> Data in this exercise:
★ ★ ★ ★ ★ ★ ★

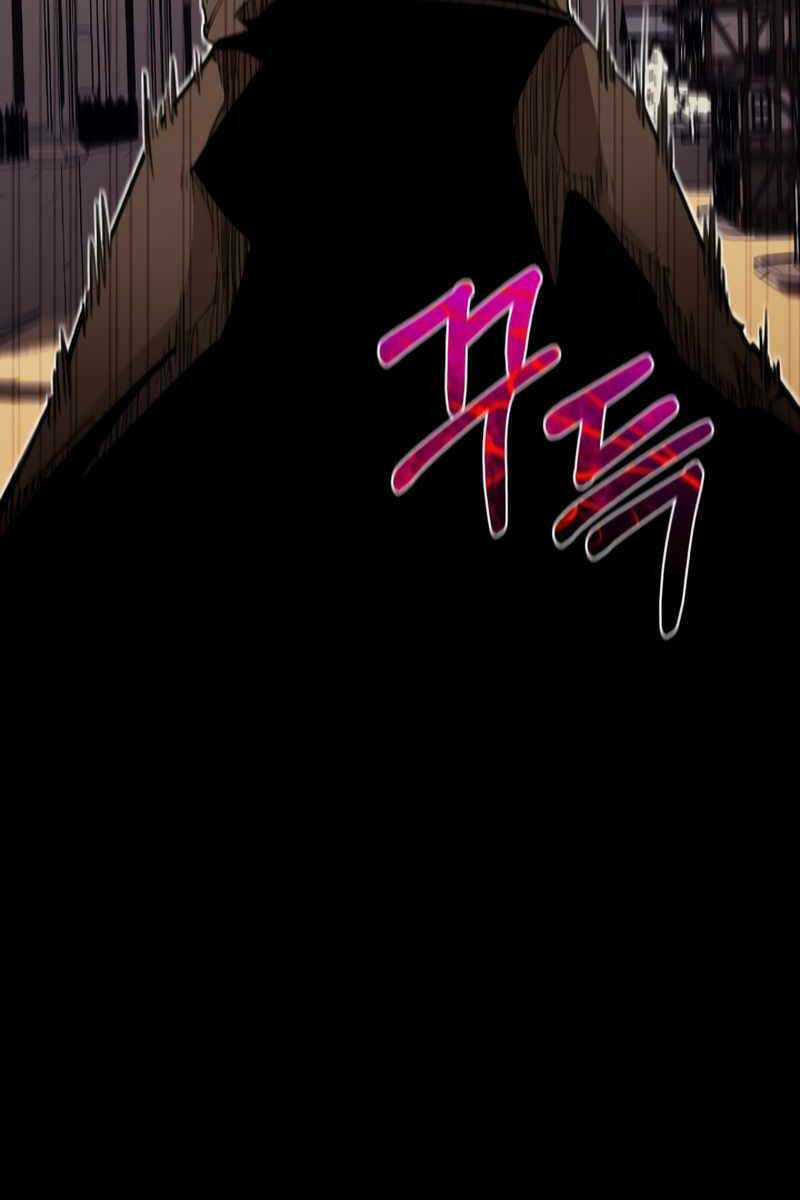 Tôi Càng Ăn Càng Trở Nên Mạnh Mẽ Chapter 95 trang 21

★ ★ ★ ★ ★ ★ ★

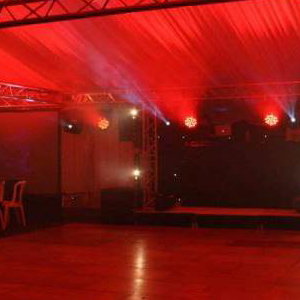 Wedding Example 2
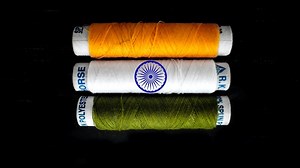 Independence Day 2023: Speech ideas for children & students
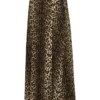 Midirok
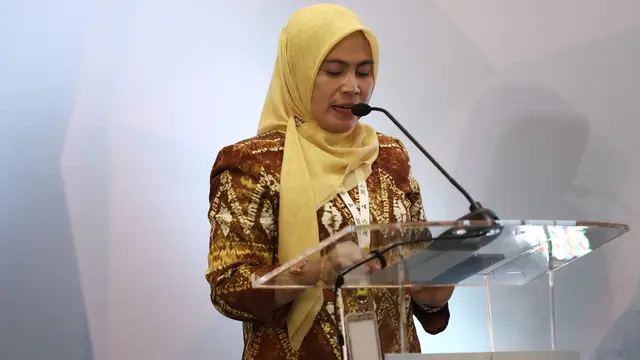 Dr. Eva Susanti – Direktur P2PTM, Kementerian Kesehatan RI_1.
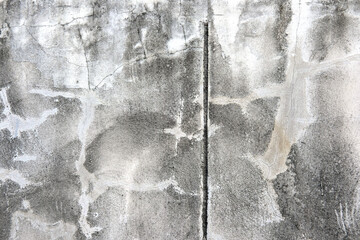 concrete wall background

★ ★ ★ ★ ★ ★ ★

> Action item: Return, exactly as they stand, the lines above from the one with "Wedding Example 2" to the one with "concrete wall background", omitting any pictures among them.

> Solution for this problem:
 Wedding Example 2
 Independence Day 2023: Speech ideas for children & students
 Midirok
 Dr. Eva Susanti – Direktur P2PTM, Kementerian Kesehatan RI_1.
 concrete wall background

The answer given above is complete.